◆ **Activity**
Below is a listing. Write out exactly its lines between the one holding "Kansas City Police" and the one holding "Pull&Bear Black Fitted Long Sleeve T-Shirt", inclusive.

◆ **Data for analysis**
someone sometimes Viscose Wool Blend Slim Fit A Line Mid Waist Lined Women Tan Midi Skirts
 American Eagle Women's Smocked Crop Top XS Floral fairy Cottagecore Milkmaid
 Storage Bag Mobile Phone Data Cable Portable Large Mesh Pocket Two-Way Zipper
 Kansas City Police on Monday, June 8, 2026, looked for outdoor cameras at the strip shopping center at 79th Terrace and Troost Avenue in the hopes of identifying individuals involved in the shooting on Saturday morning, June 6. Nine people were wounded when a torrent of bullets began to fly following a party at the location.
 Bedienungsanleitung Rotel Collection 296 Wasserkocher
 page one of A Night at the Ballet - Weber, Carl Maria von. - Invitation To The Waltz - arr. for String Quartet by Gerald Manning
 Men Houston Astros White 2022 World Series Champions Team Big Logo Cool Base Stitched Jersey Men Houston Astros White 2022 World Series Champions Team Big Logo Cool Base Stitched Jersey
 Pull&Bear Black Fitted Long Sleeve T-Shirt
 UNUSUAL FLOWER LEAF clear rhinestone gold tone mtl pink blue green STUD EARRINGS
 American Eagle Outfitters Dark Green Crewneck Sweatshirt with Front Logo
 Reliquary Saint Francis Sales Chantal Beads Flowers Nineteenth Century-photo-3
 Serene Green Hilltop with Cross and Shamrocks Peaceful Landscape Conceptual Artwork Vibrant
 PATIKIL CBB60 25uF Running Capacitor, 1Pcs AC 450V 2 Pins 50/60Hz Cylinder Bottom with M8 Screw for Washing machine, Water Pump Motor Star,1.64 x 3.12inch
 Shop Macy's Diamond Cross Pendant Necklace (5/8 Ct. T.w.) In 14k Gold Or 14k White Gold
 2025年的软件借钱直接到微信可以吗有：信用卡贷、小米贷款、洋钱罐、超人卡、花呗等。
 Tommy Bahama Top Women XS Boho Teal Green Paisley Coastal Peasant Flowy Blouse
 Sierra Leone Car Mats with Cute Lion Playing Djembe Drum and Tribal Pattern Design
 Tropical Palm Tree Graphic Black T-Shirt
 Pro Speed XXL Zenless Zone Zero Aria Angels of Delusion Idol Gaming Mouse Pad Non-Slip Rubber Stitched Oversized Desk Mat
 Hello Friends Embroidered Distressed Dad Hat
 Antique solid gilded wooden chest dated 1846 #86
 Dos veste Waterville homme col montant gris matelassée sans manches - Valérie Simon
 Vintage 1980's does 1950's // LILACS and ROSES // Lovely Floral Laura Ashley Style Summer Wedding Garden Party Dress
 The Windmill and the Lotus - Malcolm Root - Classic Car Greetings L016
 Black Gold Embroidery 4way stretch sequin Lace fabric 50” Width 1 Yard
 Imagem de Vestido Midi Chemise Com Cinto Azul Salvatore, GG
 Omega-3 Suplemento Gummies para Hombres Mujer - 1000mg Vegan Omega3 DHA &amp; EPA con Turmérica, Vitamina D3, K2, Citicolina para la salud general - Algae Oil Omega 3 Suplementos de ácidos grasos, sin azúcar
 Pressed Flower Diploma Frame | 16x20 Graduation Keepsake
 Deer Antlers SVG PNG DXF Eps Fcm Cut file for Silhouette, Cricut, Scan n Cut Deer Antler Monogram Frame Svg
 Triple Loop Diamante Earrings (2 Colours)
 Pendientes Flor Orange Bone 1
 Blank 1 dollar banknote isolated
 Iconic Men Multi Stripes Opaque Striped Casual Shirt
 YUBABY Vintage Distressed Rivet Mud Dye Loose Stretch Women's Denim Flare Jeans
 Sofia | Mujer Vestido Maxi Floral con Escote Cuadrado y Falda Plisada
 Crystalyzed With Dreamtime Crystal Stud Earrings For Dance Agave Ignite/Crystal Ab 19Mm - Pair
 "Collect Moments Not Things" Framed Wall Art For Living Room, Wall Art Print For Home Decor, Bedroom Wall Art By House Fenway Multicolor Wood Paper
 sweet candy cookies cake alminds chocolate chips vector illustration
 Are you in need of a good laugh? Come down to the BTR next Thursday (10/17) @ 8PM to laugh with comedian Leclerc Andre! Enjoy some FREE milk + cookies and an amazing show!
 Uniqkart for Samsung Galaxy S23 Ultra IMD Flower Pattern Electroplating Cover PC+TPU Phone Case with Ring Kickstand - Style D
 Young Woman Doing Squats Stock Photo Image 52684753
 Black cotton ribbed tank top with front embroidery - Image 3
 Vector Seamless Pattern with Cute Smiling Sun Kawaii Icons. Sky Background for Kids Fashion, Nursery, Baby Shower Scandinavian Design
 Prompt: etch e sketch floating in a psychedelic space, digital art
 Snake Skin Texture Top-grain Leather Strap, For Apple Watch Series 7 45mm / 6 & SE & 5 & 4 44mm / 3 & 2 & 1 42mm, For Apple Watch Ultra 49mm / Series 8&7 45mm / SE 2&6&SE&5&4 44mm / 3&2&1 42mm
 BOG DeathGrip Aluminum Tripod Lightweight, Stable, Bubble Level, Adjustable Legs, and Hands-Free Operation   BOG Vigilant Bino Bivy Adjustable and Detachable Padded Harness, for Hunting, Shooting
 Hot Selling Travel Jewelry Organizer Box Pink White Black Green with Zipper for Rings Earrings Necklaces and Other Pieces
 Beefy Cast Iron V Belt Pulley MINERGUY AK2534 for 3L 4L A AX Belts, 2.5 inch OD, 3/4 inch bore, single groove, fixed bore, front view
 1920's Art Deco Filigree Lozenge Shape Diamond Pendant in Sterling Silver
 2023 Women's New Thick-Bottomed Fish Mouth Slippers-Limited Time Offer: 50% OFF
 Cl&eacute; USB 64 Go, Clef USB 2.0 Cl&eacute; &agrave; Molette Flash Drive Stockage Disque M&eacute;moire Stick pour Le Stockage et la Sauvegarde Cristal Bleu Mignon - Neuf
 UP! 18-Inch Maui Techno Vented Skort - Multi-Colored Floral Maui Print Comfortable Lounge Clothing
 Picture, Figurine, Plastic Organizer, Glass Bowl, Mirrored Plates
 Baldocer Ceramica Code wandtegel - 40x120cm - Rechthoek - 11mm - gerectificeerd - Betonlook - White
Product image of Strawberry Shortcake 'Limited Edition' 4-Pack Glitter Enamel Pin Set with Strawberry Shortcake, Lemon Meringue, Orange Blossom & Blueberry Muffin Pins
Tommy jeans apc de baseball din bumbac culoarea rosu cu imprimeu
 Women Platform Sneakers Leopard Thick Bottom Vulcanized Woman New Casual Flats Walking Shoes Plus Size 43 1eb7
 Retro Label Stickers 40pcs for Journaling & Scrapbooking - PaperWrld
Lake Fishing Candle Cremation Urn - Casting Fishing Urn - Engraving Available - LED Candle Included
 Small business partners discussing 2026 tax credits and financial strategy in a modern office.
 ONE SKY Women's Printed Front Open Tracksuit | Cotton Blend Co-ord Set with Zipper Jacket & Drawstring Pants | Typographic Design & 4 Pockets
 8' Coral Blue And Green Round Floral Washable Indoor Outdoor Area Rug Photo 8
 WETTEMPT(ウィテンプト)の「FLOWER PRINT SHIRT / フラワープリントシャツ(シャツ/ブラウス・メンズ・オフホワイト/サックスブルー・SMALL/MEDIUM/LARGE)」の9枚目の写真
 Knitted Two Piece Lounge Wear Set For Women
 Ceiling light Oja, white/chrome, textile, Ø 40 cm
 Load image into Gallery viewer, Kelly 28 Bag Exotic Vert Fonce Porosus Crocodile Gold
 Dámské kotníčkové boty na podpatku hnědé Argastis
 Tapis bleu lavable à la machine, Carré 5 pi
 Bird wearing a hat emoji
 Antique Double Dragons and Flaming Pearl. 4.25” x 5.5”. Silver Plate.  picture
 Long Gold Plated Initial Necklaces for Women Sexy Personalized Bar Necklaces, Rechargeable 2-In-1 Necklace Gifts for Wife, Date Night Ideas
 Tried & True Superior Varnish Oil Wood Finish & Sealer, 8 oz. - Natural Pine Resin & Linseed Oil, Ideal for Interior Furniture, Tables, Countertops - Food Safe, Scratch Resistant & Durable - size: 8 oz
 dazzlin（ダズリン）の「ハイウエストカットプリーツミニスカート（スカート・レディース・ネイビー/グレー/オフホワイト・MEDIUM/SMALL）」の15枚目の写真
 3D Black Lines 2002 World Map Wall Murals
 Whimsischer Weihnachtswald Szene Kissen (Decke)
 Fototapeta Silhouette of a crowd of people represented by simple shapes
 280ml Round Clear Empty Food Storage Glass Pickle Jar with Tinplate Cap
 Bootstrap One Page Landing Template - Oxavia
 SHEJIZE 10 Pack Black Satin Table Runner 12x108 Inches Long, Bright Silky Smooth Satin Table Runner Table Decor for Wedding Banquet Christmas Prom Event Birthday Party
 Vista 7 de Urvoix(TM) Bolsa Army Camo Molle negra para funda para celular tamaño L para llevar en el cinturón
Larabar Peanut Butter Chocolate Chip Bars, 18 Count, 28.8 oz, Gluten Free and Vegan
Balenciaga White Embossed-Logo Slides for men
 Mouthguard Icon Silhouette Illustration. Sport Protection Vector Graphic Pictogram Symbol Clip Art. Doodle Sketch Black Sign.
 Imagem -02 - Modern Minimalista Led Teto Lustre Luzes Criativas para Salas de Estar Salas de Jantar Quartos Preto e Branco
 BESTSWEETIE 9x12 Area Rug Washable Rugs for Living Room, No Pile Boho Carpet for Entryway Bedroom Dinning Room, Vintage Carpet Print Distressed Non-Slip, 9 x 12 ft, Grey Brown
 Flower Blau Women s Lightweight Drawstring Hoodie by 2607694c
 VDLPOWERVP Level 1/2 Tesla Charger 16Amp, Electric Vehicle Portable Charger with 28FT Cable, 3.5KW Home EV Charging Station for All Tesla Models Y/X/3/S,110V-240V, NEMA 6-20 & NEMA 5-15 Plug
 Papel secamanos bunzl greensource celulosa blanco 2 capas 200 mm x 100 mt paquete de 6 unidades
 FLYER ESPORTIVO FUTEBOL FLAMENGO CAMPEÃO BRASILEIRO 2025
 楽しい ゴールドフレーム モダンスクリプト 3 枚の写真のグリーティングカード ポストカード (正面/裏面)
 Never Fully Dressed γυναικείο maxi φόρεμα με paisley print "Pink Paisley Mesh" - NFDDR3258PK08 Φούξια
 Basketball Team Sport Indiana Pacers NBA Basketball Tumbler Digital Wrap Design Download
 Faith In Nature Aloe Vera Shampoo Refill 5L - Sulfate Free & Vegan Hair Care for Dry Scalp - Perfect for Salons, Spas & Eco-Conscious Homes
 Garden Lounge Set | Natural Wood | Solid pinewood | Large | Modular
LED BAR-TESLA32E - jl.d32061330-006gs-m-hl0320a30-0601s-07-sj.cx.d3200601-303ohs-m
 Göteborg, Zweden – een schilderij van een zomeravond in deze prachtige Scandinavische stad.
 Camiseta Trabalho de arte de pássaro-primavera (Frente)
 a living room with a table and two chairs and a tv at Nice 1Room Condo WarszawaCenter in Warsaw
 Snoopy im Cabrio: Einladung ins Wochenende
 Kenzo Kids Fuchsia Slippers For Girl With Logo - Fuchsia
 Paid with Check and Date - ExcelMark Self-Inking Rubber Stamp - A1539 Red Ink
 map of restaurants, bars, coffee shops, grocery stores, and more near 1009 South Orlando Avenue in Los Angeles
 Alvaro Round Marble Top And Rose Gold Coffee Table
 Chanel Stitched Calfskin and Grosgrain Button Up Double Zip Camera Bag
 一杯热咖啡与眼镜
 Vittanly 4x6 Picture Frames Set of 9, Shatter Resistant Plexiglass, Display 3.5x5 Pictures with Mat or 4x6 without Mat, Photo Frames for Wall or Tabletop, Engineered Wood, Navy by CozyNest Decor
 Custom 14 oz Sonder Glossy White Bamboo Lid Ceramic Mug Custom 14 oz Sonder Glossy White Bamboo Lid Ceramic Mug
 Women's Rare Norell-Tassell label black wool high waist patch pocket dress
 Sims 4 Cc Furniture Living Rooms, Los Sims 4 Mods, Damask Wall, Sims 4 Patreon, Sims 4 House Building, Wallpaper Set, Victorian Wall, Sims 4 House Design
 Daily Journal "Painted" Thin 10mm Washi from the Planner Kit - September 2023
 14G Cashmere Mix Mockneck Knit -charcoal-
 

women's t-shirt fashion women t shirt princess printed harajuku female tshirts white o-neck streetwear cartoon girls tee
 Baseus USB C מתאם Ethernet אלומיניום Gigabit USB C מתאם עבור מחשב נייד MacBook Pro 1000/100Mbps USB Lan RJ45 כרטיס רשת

◆ **Response area**
 Kansas City Police on Monday, June 8, 2026, looked for outdoor cameras at the strip shopping center at 79th Terrace and Troost Avenue in the hopes of identifying individuals involved in the shooting on Saturday morning, June 6. Nine people were wounded when a torrent of bullets began to fly following a party at the location.
 Bedienungsanleitung Rotel Collection 296 Wasserkocher
 page one of A Night at the Ballet - Weber, Carl Maria von. - Invitation To The Waltz - arr. for String Quartet by Gerald Manning
 Men Houston Astros White 2022 World Series Champions Team Big Logo Cool Base Stitched Jersey Men Houston Astros White 2022 World Series Champions Team Big Logo Cool Base Stitched Jersey
 Pull&Bear Black Fitted Long Sleeve T-Shirt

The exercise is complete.